Watching a band evolve over time is an interesting experience, an experience made even the more enjoyable when the people involved are familiar to you and that evolution results in something truly satisfying. For me The Snakes are just such a band. Having witnessed the core of the band move through a number of ancient incarnations such as Band of Gypsy’s and The Imps and then through almost a decade under the present moniker, it’s great to finally see them truly come of age.
Whilst their debut album, Songs From The Satellites, really started to get their name talked about in all the right places, I think the much quoted accolade of “Muswell Hill’s own Whiskeytown” may have been slightly premature With Sometime Soon however, such a quote is bang on the money.
If the debut album was the sound of a British band borrowing, albeit very deftly, from someone else’s musical heritage, Sometime Soon sees them make a smooth transition across the water, the end result being much more Richmond, Virginia than Richmond upon Thames.
Gone are the more obvious “Stones does Country” references and in it’s place is a much more mature set of songs, this is the album that The Snakes were always destined to make. The brasher lead guitar driven sound of younger days has been replaced by a warmer and more layered approach and it’s this layering that seems to colour the album, the devil, they say, is in the detail and this is one devil of an album.
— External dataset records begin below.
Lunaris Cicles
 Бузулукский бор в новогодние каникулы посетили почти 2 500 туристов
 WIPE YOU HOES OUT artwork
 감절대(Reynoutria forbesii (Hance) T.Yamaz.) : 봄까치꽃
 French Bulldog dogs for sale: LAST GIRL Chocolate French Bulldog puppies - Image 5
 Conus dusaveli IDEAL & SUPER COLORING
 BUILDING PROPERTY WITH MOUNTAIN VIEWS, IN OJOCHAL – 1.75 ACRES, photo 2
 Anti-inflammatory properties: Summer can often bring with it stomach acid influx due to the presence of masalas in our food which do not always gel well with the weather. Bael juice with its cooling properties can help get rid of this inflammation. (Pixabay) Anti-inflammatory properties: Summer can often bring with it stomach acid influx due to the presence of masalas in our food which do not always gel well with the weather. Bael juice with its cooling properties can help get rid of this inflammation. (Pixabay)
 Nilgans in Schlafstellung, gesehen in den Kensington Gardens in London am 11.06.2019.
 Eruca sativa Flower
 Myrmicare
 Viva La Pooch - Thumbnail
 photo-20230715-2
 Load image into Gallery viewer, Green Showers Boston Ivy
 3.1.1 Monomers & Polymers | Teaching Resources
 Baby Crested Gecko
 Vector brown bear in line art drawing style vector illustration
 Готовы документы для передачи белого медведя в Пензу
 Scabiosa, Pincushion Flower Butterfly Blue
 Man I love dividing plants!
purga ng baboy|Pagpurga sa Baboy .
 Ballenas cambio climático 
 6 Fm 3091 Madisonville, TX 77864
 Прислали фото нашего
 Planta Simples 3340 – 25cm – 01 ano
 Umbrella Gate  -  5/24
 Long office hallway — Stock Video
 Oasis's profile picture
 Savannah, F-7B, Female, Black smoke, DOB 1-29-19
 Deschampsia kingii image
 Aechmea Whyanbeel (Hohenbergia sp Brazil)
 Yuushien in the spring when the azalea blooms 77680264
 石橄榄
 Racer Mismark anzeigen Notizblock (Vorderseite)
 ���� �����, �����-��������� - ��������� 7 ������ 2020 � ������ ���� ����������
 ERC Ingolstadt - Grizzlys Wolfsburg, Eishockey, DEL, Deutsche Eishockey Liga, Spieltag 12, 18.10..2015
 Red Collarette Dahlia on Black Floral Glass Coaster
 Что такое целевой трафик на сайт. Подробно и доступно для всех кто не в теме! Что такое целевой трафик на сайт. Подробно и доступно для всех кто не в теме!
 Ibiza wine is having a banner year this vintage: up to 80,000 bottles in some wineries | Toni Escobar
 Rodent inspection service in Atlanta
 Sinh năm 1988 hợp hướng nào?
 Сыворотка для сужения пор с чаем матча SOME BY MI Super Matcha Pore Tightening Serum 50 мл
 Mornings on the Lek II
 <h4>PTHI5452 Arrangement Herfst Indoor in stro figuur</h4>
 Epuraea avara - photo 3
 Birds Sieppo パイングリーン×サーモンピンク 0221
Amongst the pure country tracks such as Cumberland Breeze and We Can Fly are more introspective thoughts, Interview and the brooding Amaretto. What Have I Done To You even offers up some Latin back beats; maybe something of working as Tommy Hales pick up band got lodged in the subconscious. When it does rock out, which it does gloriously on Tin Foil Town and Come My Way, it is now on their own terms, beholden to none they now sound like…. The Snakes, job done.